Regardless of who begins the process of positive change, the effort is collaborative. In the best case, every employee understands how they contribute to the critical goals and can align improvement with the strategy no matter where they sit on the org chart.
Who Participates in Improvement
Because top-down improvement typically comes in the form of projects or events, the number of participants is usually small. For example, a leader may assemble a team of two managers and five front-line employees from different areas to conduct a value stream mapping event.
The goal of bottom-up improvement is to include every person at every level of the organization in continuous incremental change. Each employee looks for ways to improve their work daily, regardless of their location, shift, and function, resulting in a culture of continuous improvement.
Improvement management software helps keep track of both projects initiated by leaders and daily improvement efforts at the front-line level.
The Frequency of Improvements
While top-down improvement takes place in scheduled, episodic activities and time-consuming management cycles - like a weeklong event - bottom-up improvement happens all day, every day. Do you see an opportunity for improvement on your way to lunch? Log that. See a safety concern as you walk out the door? Log that too. When employees get good at seeing problems or identifying waste, they'll see it every day, even after a lot of improvement has already taken place.
Organizations that don't support and value bottom-up improvement miss out on the chance to benefit from incremental improvement. The employees who are closest to the production process and customers are in the best position to engage in problem-solving and can do so at a much quicker pace than executive leadership.
Scope of Projects
Is it a top-down or bottom-up improvement that takes on significant challenges?

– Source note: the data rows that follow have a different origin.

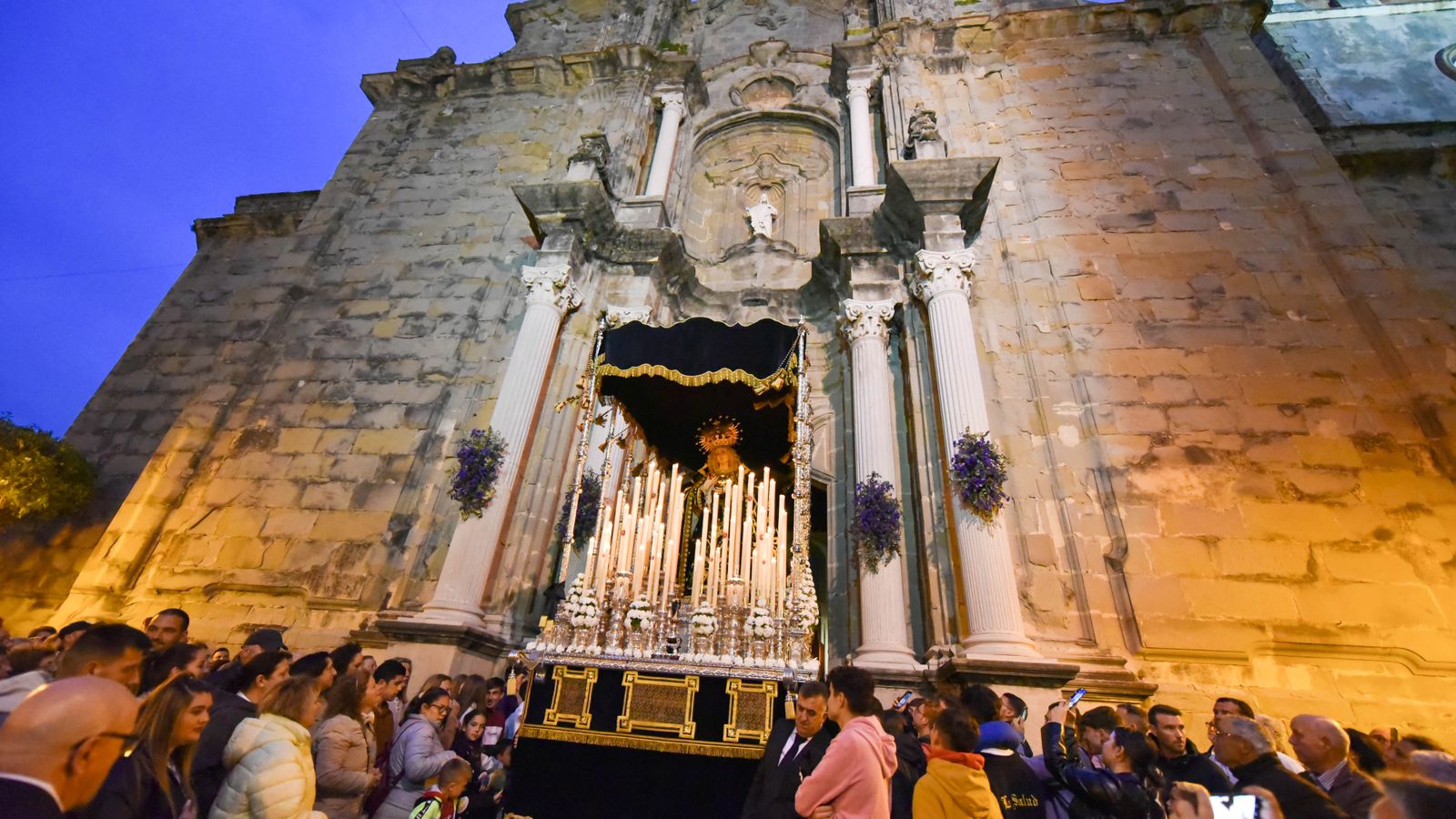 Fotos del Martes Santos en Tarifa: Santisimo Cristo de la Salud y Nuestra Señora de los Dolores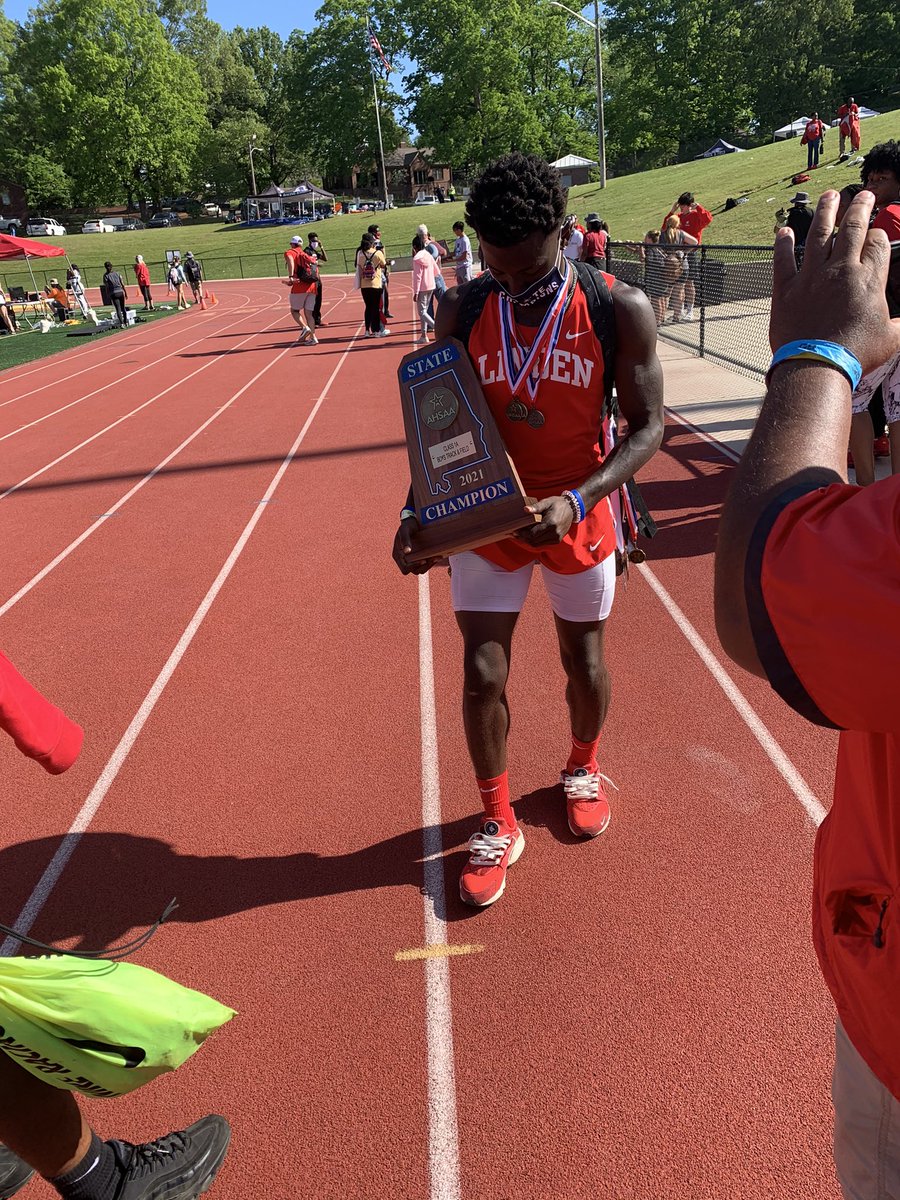 svperlil6's tweet photo. •1A 1600m Relay State Champion https://t.co/I6joR3oOq8
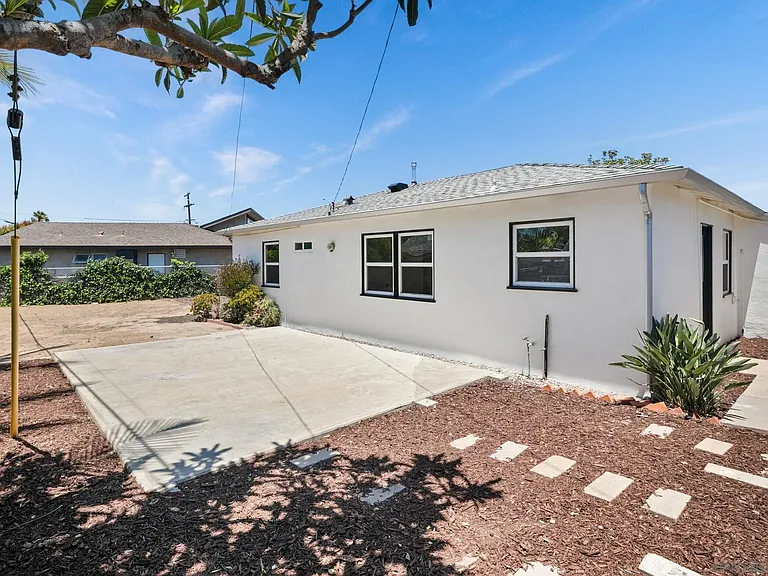 620 Minot Ave — Photo 33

When there is a big problem that requires a major overhaul, top-down management is the most common approach. These projects are typically higher cost and higher risk, so there's a lot of research and planning that goes into them ahead of time. Even if management decides "what" needs to be improved, employees and managers will need to be involved in figuring out the details of the "what" and the "how." Leaders shouldn't give employees all of the answers. But they can set direction, inspire people to participate in driving these major changes, and provide coaching along the way.
On the other hand, bottom-up improvements are typically small, low-cost, low-risk changes that front-line staff are able to implement on their own or within their team. The role of leaders here is to provide the assistance necessary to make sure that people stay on the right track, but they don't really need to get over-involved in the process.

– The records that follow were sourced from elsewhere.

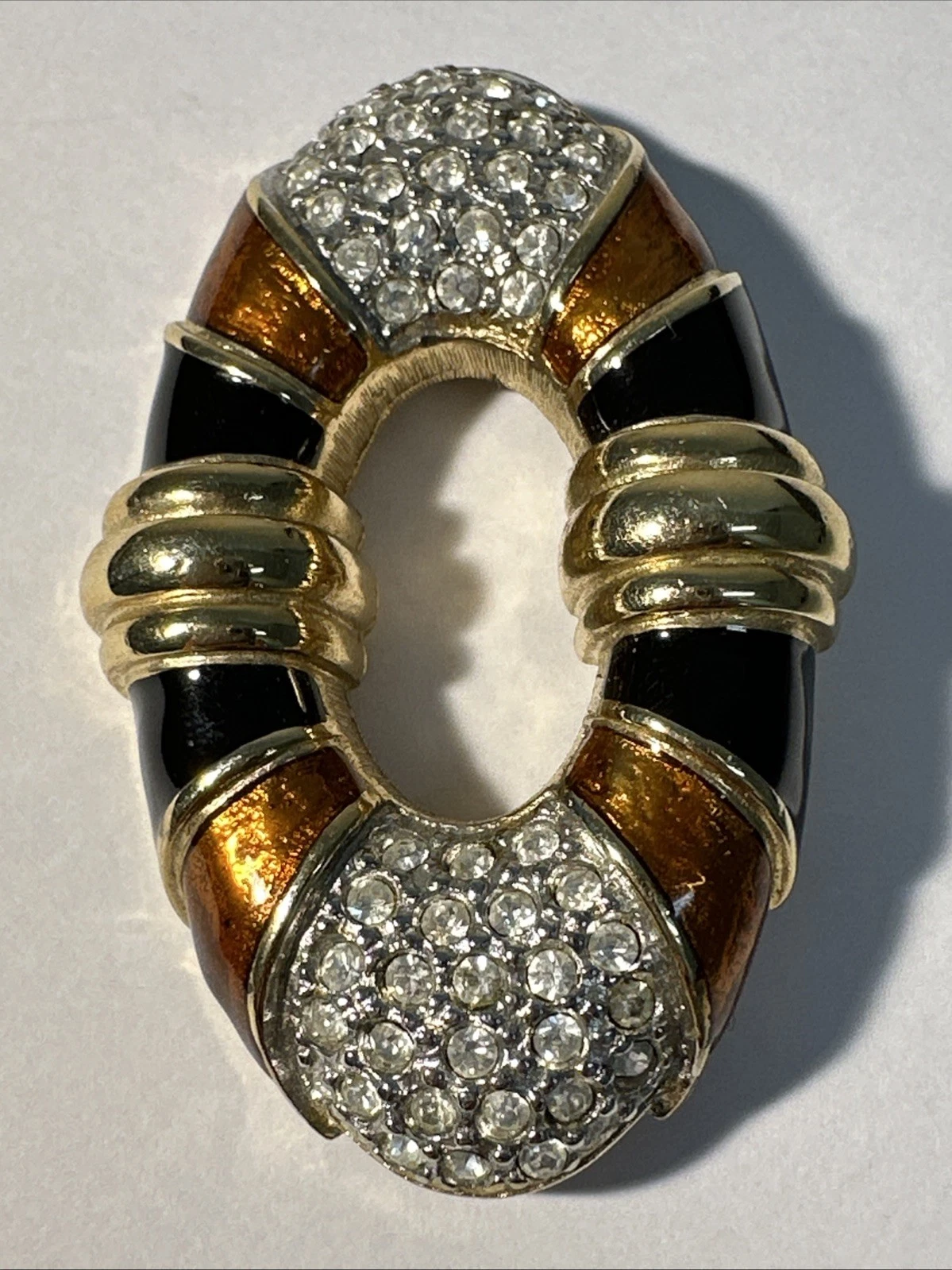 Broche Ovale Dorée , Nacrée Orange / Marron , Strass Blanc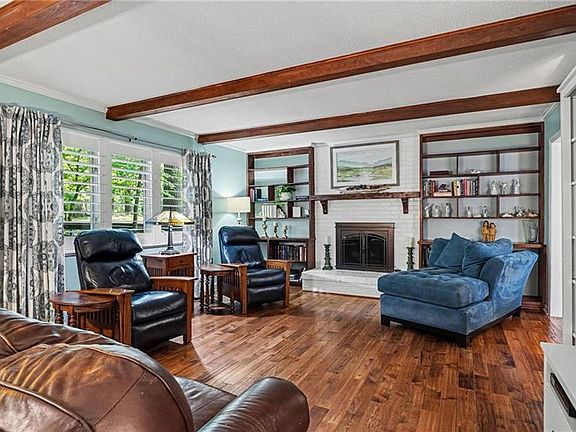 3rd image of 5008 Shadygrove Ln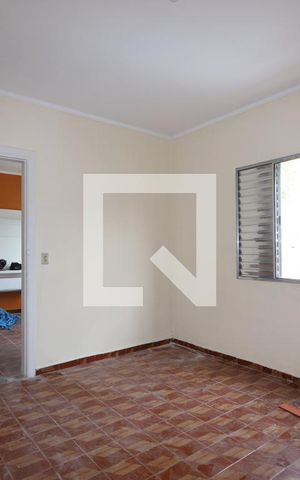 Casa para alugar com 85m², 2 quartos e 1 vagaQuarto 1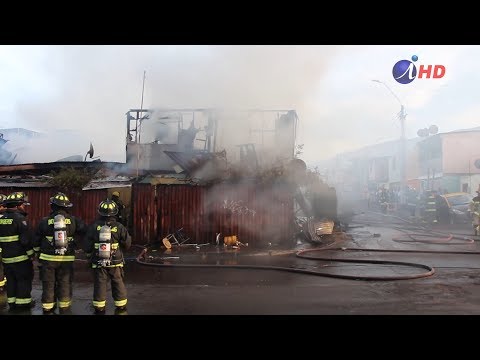 Tres viviendas destruidas en incendio en Diego Portales y Lincoyán (2020.02.13) Iquique TV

Tracking Improvement Results
Regardless of whether an improvement was started at the top or bottom of the org chart, tracking improvement results is essential so that everyone can gain insight into the results of the effort. Leaders should have a dashboard that visualizes the activities, engagement, and impact of improvement work by location, team, individual departments, or functional areas.
Every employee should be able to search for related past improvements to build on lessons learned and past disappointments. In addition, it is a best practice to broadcast improvements to help spread enthusiasm for positive change.
By embracing both management styles, organizations can make the most of the potential of each member of the team. Change can be controlled yet frequent and meaningful. Employee engagement along with strong leadership form the bedrock of success.